А вторая ссора прошла почти незамеченной. Русские мастера каменной кладки повздорили с итальянскими, и старший русский мастер был схвачен и верчен за чуб, и великий князь, узнав об этом, сказал, смеясь: «Добре. Так и надо. Не обижай гостей». А правда-то была на стороне русских: они говорили, что Кремлевскую каменную стену надо начинать кладкой до того, как земля повреждена стужей; итальянцы же считали, что это не имеет значения.
Покидая Москву, князь Никита словно бы невзначай встретился со старшим русским мастером и словно бы невзначай сказал ему:
– Уж если трудно стоять тебе рядом с немцем, приходи ко мне на Подзол.
Мастер тряхнул длинными черными волосами, которые в драке, видно, не все выдрал итальянец, и ответил:
– Уж коли, княже, взялись за этот Кремль, достроим. А про ласку твою княжескую не забуду.
И не забыл. Лет через пять уже сильно поседелый мастер Петр приехал в Подзол.
Князь Никита вывел мастера на холм, обнесенный дубовым тыном с башнями из несокрушимого кремлевского леса, и сказал:
– Хочу здесь выстроить каменный Кремль лучше московского.
Мастер Петр поклонился князю и, похвалив желание его, осторожно добавил, что Москва богата, велика, что много у ней и камня, и рук мужицких, и коней, а здесь… И строитель Петр сын Григорьев развел руками, указывая на обширные и пустынные воды озера, медленно текущие в Волгу через речку Подзолку, и на дремучие леса, сквозь которые, казалось, не только что человеку, но и мысли пробиться трудно. «Бедна твоя окраина, княже, беден удел твой», – говорили глаза мастера Петра.
И тогда князь Никита подал мастеру две монеты. Одна большая, почти в ладонь, а другая маленькая, с ноготь мизинца, и обе из чистого золота. Князь спросил:
– Которая будет тяжелее?
– Большая не в пример тяжелей, – ответил мастер Петр.
– А теперь вглядись и скажи мне: которая ценней – большая или малая.
Недолго держал в руках монеты мастер. Он ответил:
– Малая не в пример дороже. Необыкновенный искусник чеканил ее, княже.
И тогда князь Никита строго приказал:
– Вот так же вычеканить мне и мой Кремль.
Мастер, тряхнув волосами, низко поклонился:
– Вычеканим, княже. Одно только скажу. У московского Кремля герб есть святой: Георгий Победоносец, растоптавший змия и растерзавший ему поганые татарские уста. Надо и тебе, княже, о гербе думать. Легче нам будет строить под святым гербом.
И тогда сказал князь Никита:
– Видишь – леса? И видишь речку через те леса? И видишь – кто-то плывет через ту речку?
– Не то человек, не то медведь, – ответил, вглядываясь, мастер.

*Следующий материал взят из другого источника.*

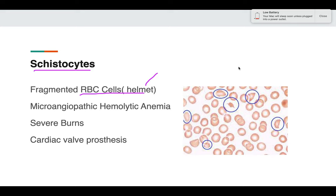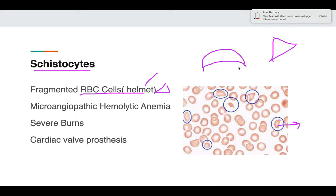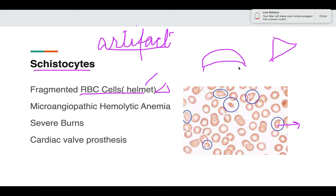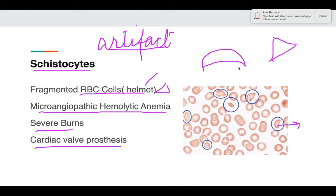Schistocytes are fragmented RBCs that appear as a helmet or triangle shape. Fragmented RBCs can be artifactual if the sample is not correctly preserved. However, if they are increased in number, they can be seen in microangiopathic hemolytic anemia, severe burns, and cardiac valve prosthesis. Therefore, always take the history of the patient, and to reconfirm, a repeat sample can also be taken.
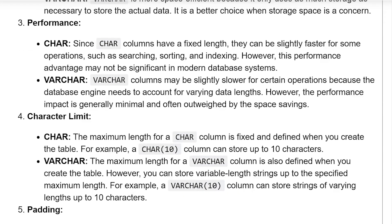Performance — char: Since a char column has a fixed length, it can be slightly faster for some operations such as searching, sorting, and indexing. However, this performance advantage may not be significant in modern database systems. Varchar: A varchar column may be slightly slower for certain operations because the database engine needs to account for varying data length. However, the performance impact is generally minimal and often outweighed by space savings.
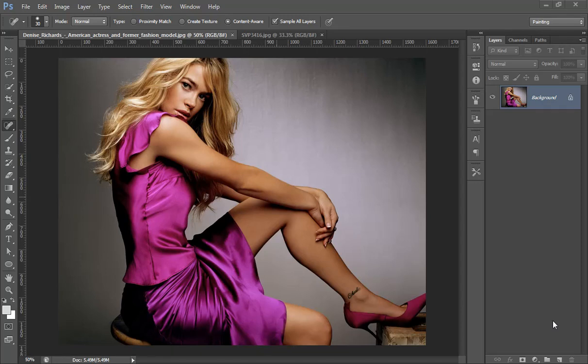Hello friends, this is Arun and welcome to my channel of Photoshop Photography and Lightroom. Today we'll learn about how to change the color of a dress without changing anything else in the picture.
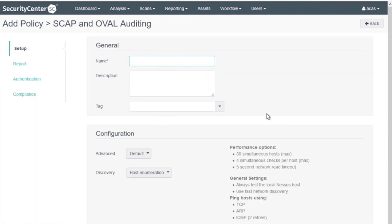Give the policy a name. It will be Windows 10 MAC 1 Public.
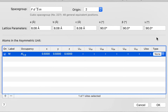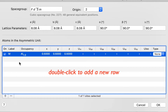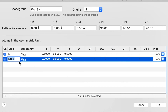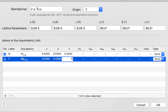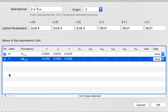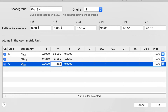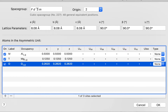Now we need to add two more sites. I can do that by clicking the Add button at the bottom of the table, or as a shortcut I can just double-click anywhere below the last row and a new site is created. Let's make this a T site with 100% magnesium at an eighth, an eighth, an eighth. And let's add one more site — 100% oxygen occupancy at 0.262, 0.262, 0.262. I hit Return and those are the three sites in my list.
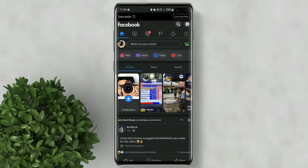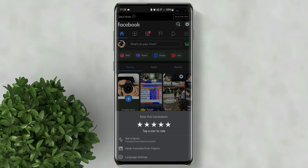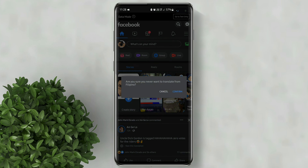Let's go ahead and open Facebook. Normally you will see a post that are auto-translated to English. To turn it off, tap on this gear button below the post. Then click never translate from. Click confirm.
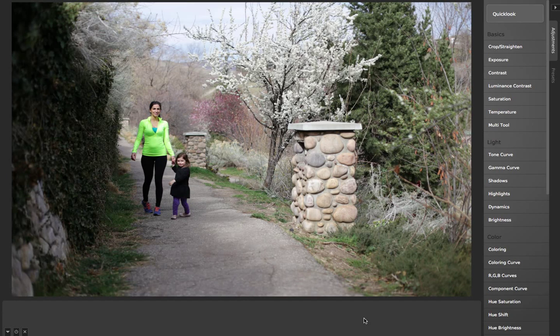In this video I'm going to talk about the new layout of the interface in Camera Bag 2.7. We've made some big updates in streamlining the interface as of version 2.7 from 2.6 and previous to that.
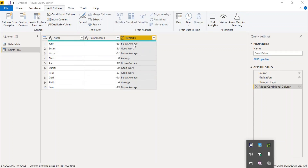If we take a look at the results, the column name is remarks. Minus 18 is below average, 33 is a positive value so it's good work, below average, zero is average, and so on. You can check all the records if you want. This is the correct output — exactly what we expected. So this is a simple example of how you can work with conditional columns in Power BI.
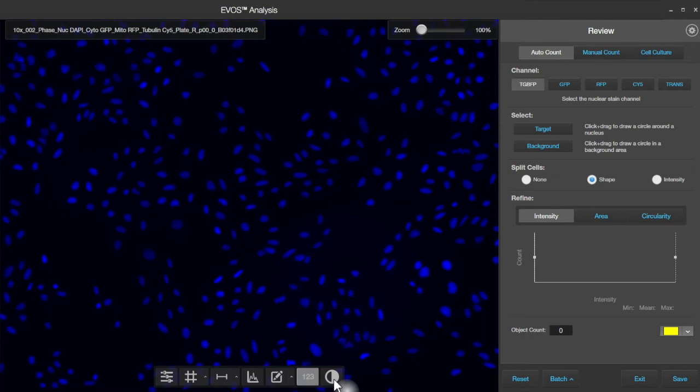And that's a quick review of the new controls for EVOS analysis, measurement, and annotations.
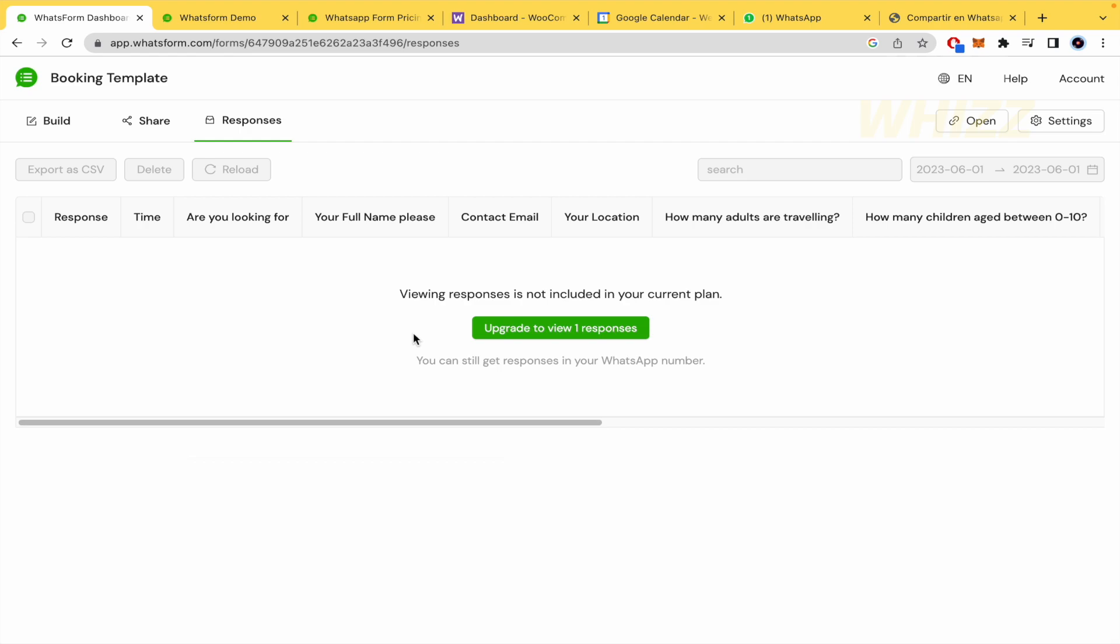And that's it. That's how you can create WhatsApp form with WhatsForm. Thanks for watching.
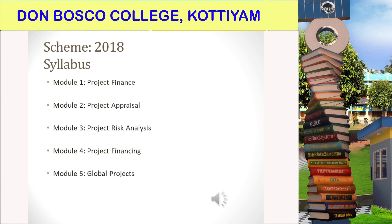In the first module, Project Finance, we get an overview of project finance: what is project finance, what is a project, how can we define a project, what is a project life cycle, what are the different types of a project, and how do we make decisions to select a project.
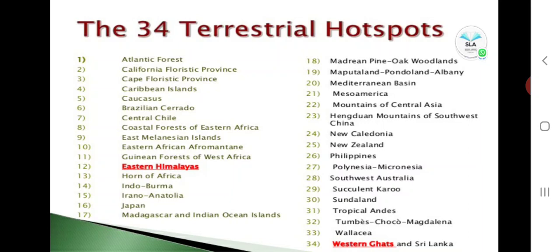When considering the world's top biodiversity-rich nations — called mega diversity nations — India is included among them. The list includes Australia, Brazil, Cameroon, China, Colombia, Costa Rica, Ecuador, India, Indonesia, Madagascar, Malaysia, Mexico, Panama, Papua New Guinea, Peru, Philippines, South Africa, Venezuela, and Vietnam.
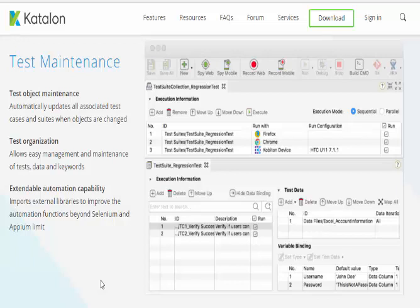In conclusion, Katalon Studio is almost similar to UFT. It has an inbuilt framework, supports many integrations, and grid execution is also possible. The only drawback is that Katalon Studio cannot be used for window-based applications — it is only for web-based applications and mobile apps. That is the end of the Katalon overview. The position number one tool will be explained in the next video. Thanks for watching, have a great day.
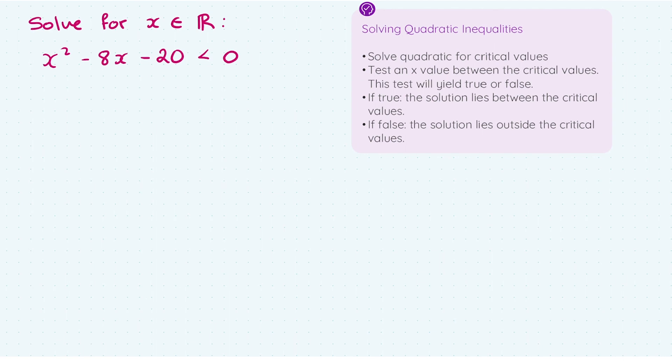Then, we want to test an x value between the critical values. This test will either yield true or false. We're going to pick an x value between our two critical values, sub it into the original question, and it's either going to work out to be true or false — and that's going to determine our solution. If it's true, the solution lies between the critical values, and if false, the solution lies outside the critical values.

И тогда сказал князь Никита:
– Вот тебе и герб: медведь плывет через воды.
– Глупый зверь, – сказал мастер, – много ли, княже, будет от него помощи? Того лучше какого-нибудь святого поставить.
– Святыми мы сами встанем, – сказал князь.
И мастер, дивясь смелости и гордости князя Никиты, только поклонился.
Вот и выстроил князь Никита удивительный свой Кремль.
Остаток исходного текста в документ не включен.